In a new paper, University of Oxford researchers introduce a novel image compression approach that outperforms the JPEG standard at low bitrates, even without entropy coding or learning a distribution over weights.
Recently developed autoencoder methods for lossy image compression have attracted attention in the machine learning and image processing communities. Such autoencoders operate on a simple principle: an image, typically modelled as a vector of pixel intensities, is quantized, thus reducing the amount of information required to store or transmit it.
Instead of storing the RGB values for each pixel of an image, the proposed approach stores the weights of a neural network overfitted to the image. The researchers call their method ‘COIN’ (COmpressed Implicit Neural representations).
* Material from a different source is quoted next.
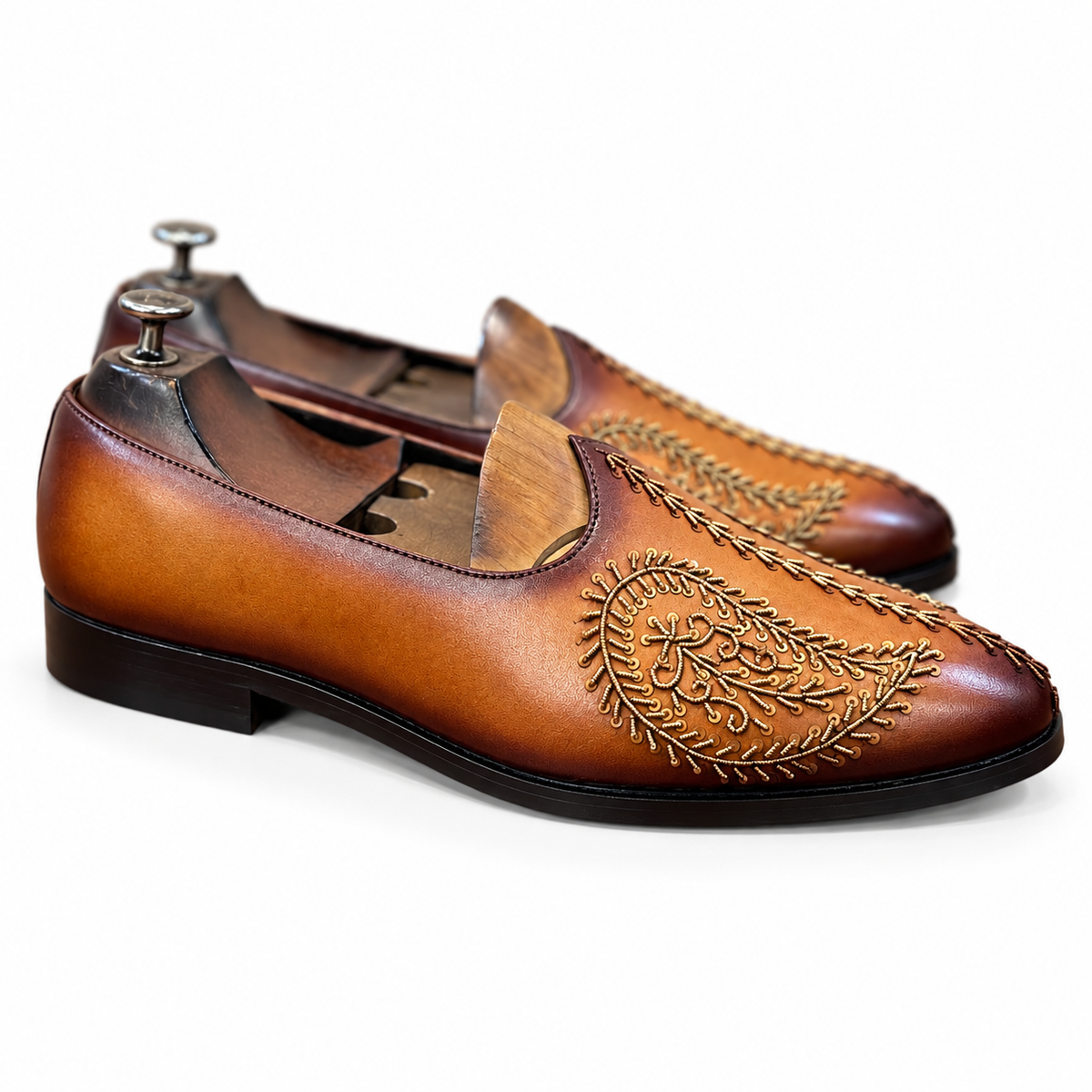 Bail Zari Tan Embroidered Leather Jutti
COIN encodes an image by overfitting it with a small multilayer perceptron (MLP) — a type of feedforward artificial neural network. The approach maps pixel locations to RGB values (often referred to as an implicit neural representation), then transmits the weights of this MLP. At decoding time, the transmitted MLP is evaluated at all pixel locations to reconstruct the image.

The most difficult part of the entire image compression process is the overfitting of MLPs, due to the high-frequency information within natural images. Recent approaches have employed sinusoidal encodings and activations to mitigate this process, and the new study discovers that using MLPs with sine activations can fit large images (393k pixels) with surprisingly small networks (8k parameters).
To reduce model size, the researchers apply architecture search and weight quantization. They perform a hyperparameter sweep over the width and number of MLP layers, quantizing the weights from 32-bit to 16-bit precision, which is enough to beat the JPEG standard for low bitrates.
The other highlight of COIN is the extra flexibility of its decoding approach. Images can be progressively decoded simply by evaluating functions at various pixel locations. Partially decoding images in this way is difficult for previous autoencoder-based methods.
To test COIN’s performance, the researchers performed experiments on the Kodak image dataset comprising 24 images of size 768×512. The model was compared with three autoencoder-based neural compression models (BMS, MBT and CST). They also compared COIN against the JPEG, JPEG2000, BPG and VTM image codecs.

The researchers first identified valid combinations of depth and width for the MLPs representing an image (e.g. for 0.3bpp using 16-bit weights) to determine the best model architectures for a given parameter budget (measured as bits per pixel, or bpp). The results show that at low bitrates the proposed model improves on the JPEG standard even without the use of entropy coding.

The experiments demonstrate that COIN outperforms the JPEG standard after 15k iterations and then continues to improve steadily; and that compression quality depends on the architecture choice, with different optimal architectures for different bpp values. The Oxford team says it hopes further work in this area will lead to a novel class of methods for neural data compression.
The paper COIN: Compression with Implicit Neural representations is on arXiv.